2 lbs angled gourds, peeled and roll-cut (see instructions here)
1/2 large shrimp, peeled and deveined
3 large eggs, lightly beaten
2 large cloves garlic, minced
2 tablespoon vegetable oil
1 teaspoon of chicken bouillon granules (optional)
Fish sauce, to taste
A tiny pinch of ground white pepper

  • In a wok, over medium heat, fry the minced garlic in vegetable oil just until it becomes fragrant.
  • Add the gourds, chicken bouillon granules (if used), and about 1/2 tablespoon of fish sauce. Cook, covered, for about a minute just to soften the gourds somewhat.
  • Add the eggs and the shrimp to the wok.
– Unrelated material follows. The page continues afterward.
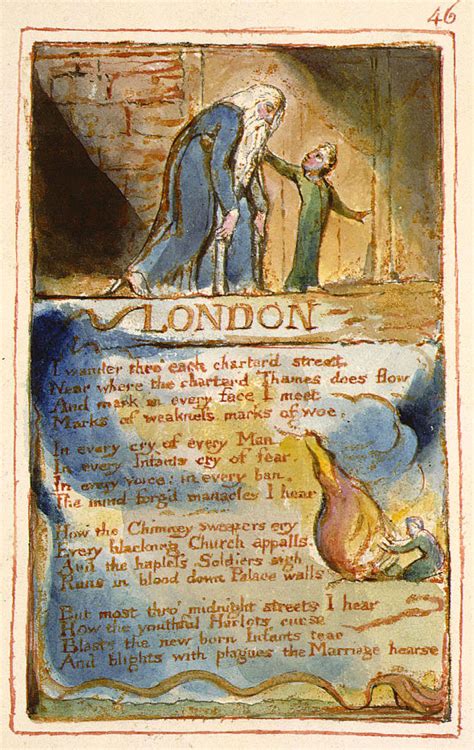 William Blake Una Lezione Tra Arte E Poesia Mla Move Language Ahead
Crank up the heat to medium-high. Stir. Cover for about a minute or until the shrimp is cooked.
  • Do a taste test. Add more fish sauce, if necessary.
  • Sprinkle a pinch of ground white pepper on top. Serve with steamed jasmine rice.
  • 6 Responses to Angled Gourd Stir-Fry

    1. Angry Asian March 18, 2011 at 3:33 pm #

      what is the taste like? when i read the word GOURD, i think bitterness, as in the bitter melon/gourd…

    2. Leela March 18, 2011 at 3:48 pm #

      AA – Sweet and mild. The texture is soft, but not mushy or fibrous. And if you leave some of the skin on, you get a bit of crunch too. Nothing like bitter melon at all.

    3. LimeCake March 19, 2011 at 12:15 am #

      I love dishes like this. They remind me of home. Don’t think I’ve ever tried angled gourd but I’m certainly keep an eye out for it the next time I’m in Thai town.

    4. lisaiscooking March 19, 2011 at 1:35 pm #

      I wish I could grow more edible things in my own yard. Herbs do well, but I don’t have much success with vegetables. This dish looks like a perfect, simple mix of flavors. It makes me want to try an angled gourd, and the egg and shrimp look fantastic!

    5. Dan Dowling March 26, 2011 at 8:48 pm #

      This dish reminds me of one I had with winter melon, shrimp and egg. Absolutely loved that dish. Is the angle gourd similar in texture to winter melon Leela?

    6. Leela March 26, 2011 at 9:01 pm #

      Dan – Not at all. Angled gourds are spongy which allow them to soak up and retain the delicious juices very well.